Quantitation of oligonucleotides by phosphodiesterase digestion followed by isotope dilution mass spectrometry: Proof of concept

The importance of DNA as a regulatory analyte is well-known. Recent years have seen an increased interest in the quantitation of this analyte. Accurate quantitative measurements have been hampered by the lack of well-characterized standards and pure materials for this large-molecular-weight analyte. Outlined here is an approach for the accurate and reproducible quantitation of an oligonucleotide that is solely reliant on the availability of pure, well-characterized deoxynucleotides and not a sequence-specific pure DNA standard. The proposed procedure is intended to provide an accurate and definitive method for the quantitation of DNA for reference measurements as an improved alternative to the more conventional UV absorbance-based methods.
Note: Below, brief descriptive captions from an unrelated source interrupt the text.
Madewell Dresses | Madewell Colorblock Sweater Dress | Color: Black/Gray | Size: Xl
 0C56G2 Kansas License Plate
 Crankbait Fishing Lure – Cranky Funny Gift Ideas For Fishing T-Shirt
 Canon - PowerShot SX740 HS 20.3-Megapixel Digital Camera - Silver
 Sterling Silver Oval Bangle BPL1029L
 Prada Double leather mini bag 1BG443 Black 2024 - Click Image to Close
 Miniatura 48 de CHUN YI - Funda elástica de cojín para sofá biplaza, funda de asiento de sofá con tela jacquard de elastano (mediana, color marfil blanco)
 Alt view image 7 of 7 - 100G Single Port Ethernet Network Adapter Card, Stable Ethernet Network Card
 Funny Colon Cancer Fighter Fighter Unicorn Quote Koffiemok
For proof of concept, a gravimetrically prepared oligonucleotide solution was enzymatically digested to its constituent monomer-deoxynucleotide monophosphates (dNMPs), of which there are four different types. Qualitative mass spectrometry was used to confirm the 100% successful completion of the enzymatic digestion step. The dNMPs were then separated by liquid chromatography (LC) before being detected by electrospray ionization (ESI) mass spectrometry (MS). The method of quantitation was based on isotope dilution mass spectrometry (IDMS) analysis of the four different monomer units. The concentrations of the four dNMP residues were then summed to obtain the original concentration of the oligonucleotide. The concentrations determined by liquid chromatography/mass spectrometry (LC/MS) and also by liquid chromatography-tandem mass spectrometry (LC/MS/MS) differed by <2.5 and 1%, respectively, from the gravimetrically assigned value. These differences were well within the uncertainty of the gravimetrically assigned value. This highly accurate method, suitable for the definitive quantitation of oligonucleotides, should be ideal for characterizing primary calibration standards and certified reference materials that can then be used to underpin the more conventional quantitative techniques of UV and fluorescence spectroscopy.